The other day I was getting ready for an event and I got a text from our art director, Gayle.
“Look what I found at the Dollar Tree. What do you think of these covers?”
“OMG!” I replied. “I was just talking about Judy Blume the other day. I want them!”

And then I realized that she had asked me a question about the book design.
“I love the bold colors and the spines, but the use of texts on the front of ‘Are You There God?’ is disturbing.”
“Probably a choice to appeal to today’s tweens,” Gayle answered.
(And the new movie, I bet.)
So, I did what any normal, Judy Blume-loving bibliophile would do. I went to my local Dollar Tree.
My Dollar Tree was a disaster compared to the neat shelves in Gayle’s photos. I found two of the books, Deenie and Then Again, Maybe I Won’t.
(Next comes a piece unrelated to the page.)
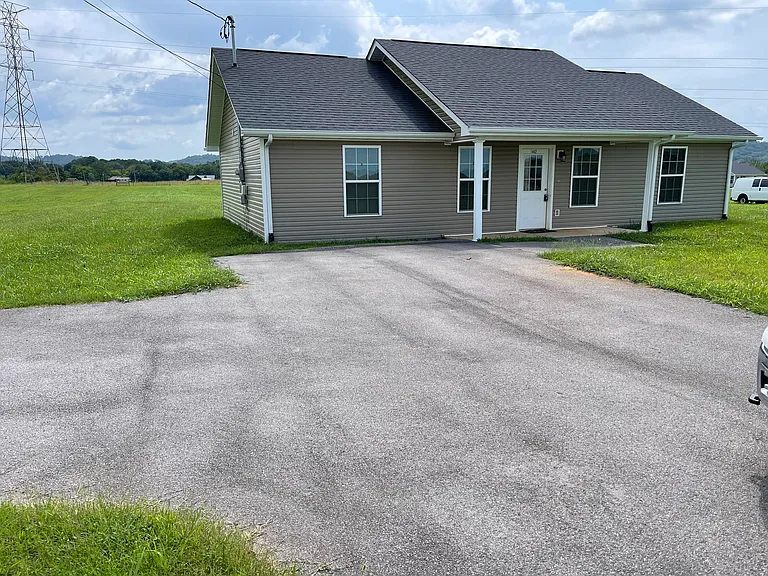 1442 Quarles Rd — Photo 3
I bought them–using a six-year-old gift card our editor and poet Nancy Scott had found in her closet.

That got me thinking. Were these abridged? A search of the books online proved they are not. But they are old. Like, older than me old. Then Again came out in 1971 and Deenie followed in 1973. Each book has had more than 70 printings.
So now Judy Blume is in the Dollar Tree with Nancy Drew and The Hardy Boys. Is this because they are out of date? Or so much a household name?
I think it’s cool. Sure, these books are pretty basic and printed on cheap paper but if they expose some child to reading, and deliver a message on top of it, that’s great. Because at $1.25, children have access to the greatest books of the earlier generations.